There’s so much to love about this novel. Nick’s voice is energetic and distinct. He’s still processing  his grief, and it influences his choices every day in a way that feels completely real and relatable for me. I love how much he cries—especially when he checks himself for not being masculine enough, then checks himself again, shakes that off, and lets himself cry. He hugs his father, and his father hugs him back, and they take care of each other. 

Nick’s personal experience with ADHD and how it affects his life, from the pills he takes to his interactions with loved ones, homework, and fandom, feels very full and honest. When he feels like he’s “too much,” his best friends and family don’t let him forget that they love him, for his hyperfixations and his mile-a-minute mouth and everything that makes him who he is—especially his best friend, Seth. His queer found family serves as the beautiful core of this novel, and it’s so refreshing to see an established f/f relationship alongside emerging m/m desire. 

As much as there’s fun antics, explosions, and plenty of wrenching twists, my favorite part is the sweet, genuine, fluffy romance. No big spoilers, but queer teens actually get to be both love interest and superhero here, and it feels restorative, on top of being terribly cute. Nick says it himself—he wanted to be part of a big gay superpowered epic, and I mean. Who among us hasn’t? And though it may not be exactly as he expected, he finally gets to. The romance is both swoony and cringey; it’s awkward and teenage and unapologetically gay and excellent. 

Throughout the novel, I had one major discomfort: the portrayal of Nick’s father and the narrative of police heroism. It read like Klune wanted to emphasize that though this is a novel about superheroes, we shouldn’t lose sight of the real folks who protect our cities on a daily basis, and respect their heroism—and that did not sit right with me.
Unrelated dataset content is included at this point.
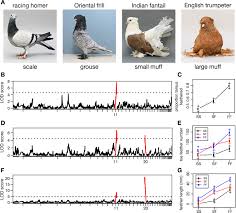 Molecular Shifts In Limb Identity Underlie Development Of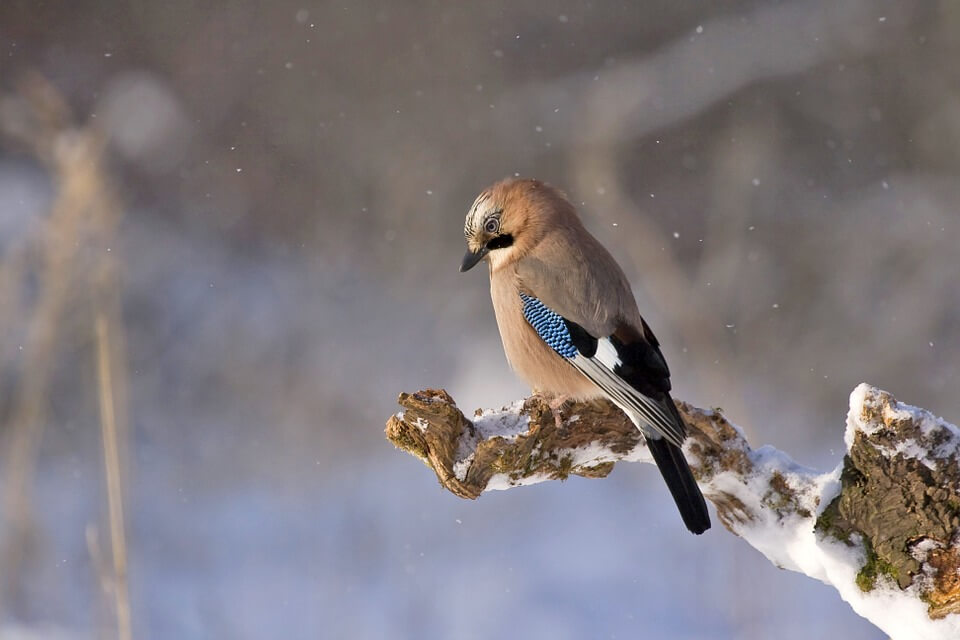 how to care for wildlife in winter - bird on a branch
It’s not the simple matter of Nick’s father being an officer, but the fact that it consistently calls for carceral justice and police action. There are many examples, it’s the entire culture of the book. Nick’s father was demoted because he “punched a witness.” Nick asserts that cops should be paid more. When he ends up in a cop car, he jokes “record this so I can use this in a lawsuit I’m going to file against my dad and the city for police brutality.” Later, when Nick’s father saves a homeless woman and her baby, she asks, in a thick accent, if they’ll take her baby away—his dad asks if she’s a good mother, she says she tries, and he replies, “then I don’t think they will.” I do not have the same faith in police or child protective services, and the scene felt like Klune wanted to clarify that cops protect and serve “good people.” 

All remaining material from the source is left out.